While deeply rooted problems can’t be solved quickly, this is exactly the type of problem where technology can be used to help engineer positive change.
We are excited to share this work with the community to help foster discussions, experimentation, and drive progress to help create a more equitable availability of content on Wikipedia.
Our model addresses just one piece of a multifaceted problem, so there are additional areas where new techniques should be explored. When a Wikipedia editor or our AI model writes a biography, information is pulled from around the internet and cited. However, for all of the enriching knowledge the internet has provided, some sources have a bias that must be considered. For example, when women are represented, their biographies are more likely to include extra details about their personal lives. A 2015 study found the word “divorced” appears four times as often in women’s biographies as it does in biographies of men. This could be for many reasons, including the tabloid fodder that tends to follow the lives of notable women more closely than those of men. As a result, personal details end up being more likely to be mentioned in articles about women, distracting from accomplishments that should be in the spotlight and celebrated.

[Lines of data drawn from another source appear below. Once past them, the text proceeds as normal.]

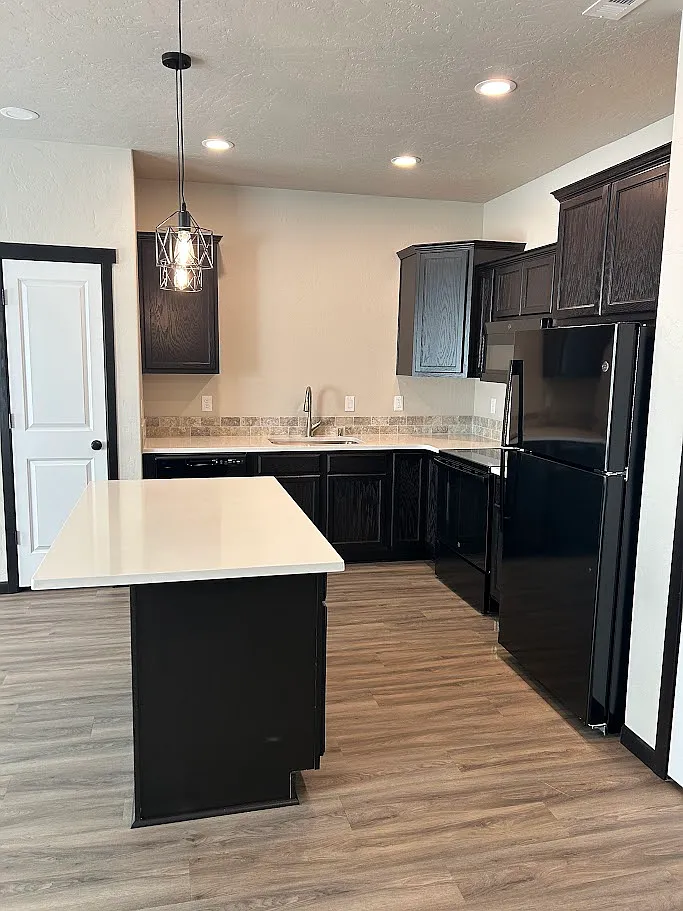2 bed, 1048 sqft, $1,750 — Photo 4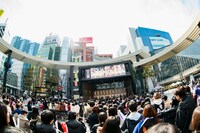 THE SUPER FRUITのライブの様子。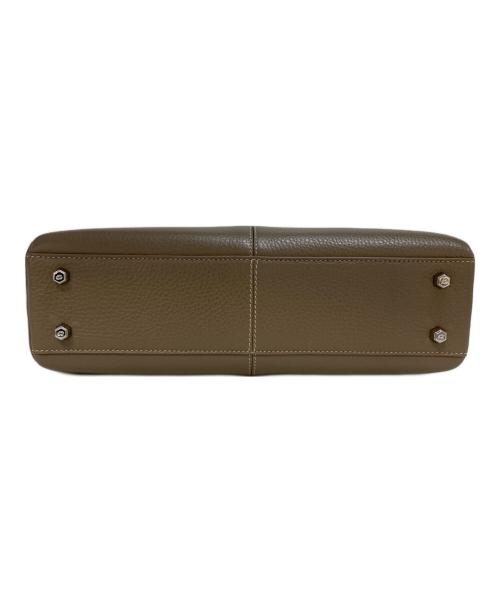 CAFUNE（カフネ）CAFUNE (カフネ) 2WAY STANCE BAG グレージュの古着・服飾アイテム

Technology has already shown promise in helping address various imbalances, which is proof that there is even more the community can do to help make a difference. For example, the site’s former chief executive explained how an algorithm discovered an important mistake on the site: While Wikipedia health articles are vetted by medical editors, for years some articles on critical women’s health issues, such as breastfeeding, were labeled “low importance.”
There is even more work to be done for other marginalized and intersectional groups around the world and across languages. Our evaluation and data set focuses on women, which excludes many other groups, including nonbinary people. Articles about transgender and nonbinary people tend to be longer, but much of the additional space is devoted to their personal life instead of expanding on the person’s accomplishments, according to a 2021 study that looked at social biases in Wikipedia articles. It is important to recognize that bias exists in varying forms, especially in default online sources of information.
We are passionate about sharing this as an important research area with the broader generation community. We hope that our techniques can eventually be used as a starting point for human Wikipedia writers — and ultimately lead to a more equitable availability of information online that can be accessed by students writing biographies — and beyond.
This post was updated to clarify the name of the university. It's Université de Lorraine, CNRS, in France.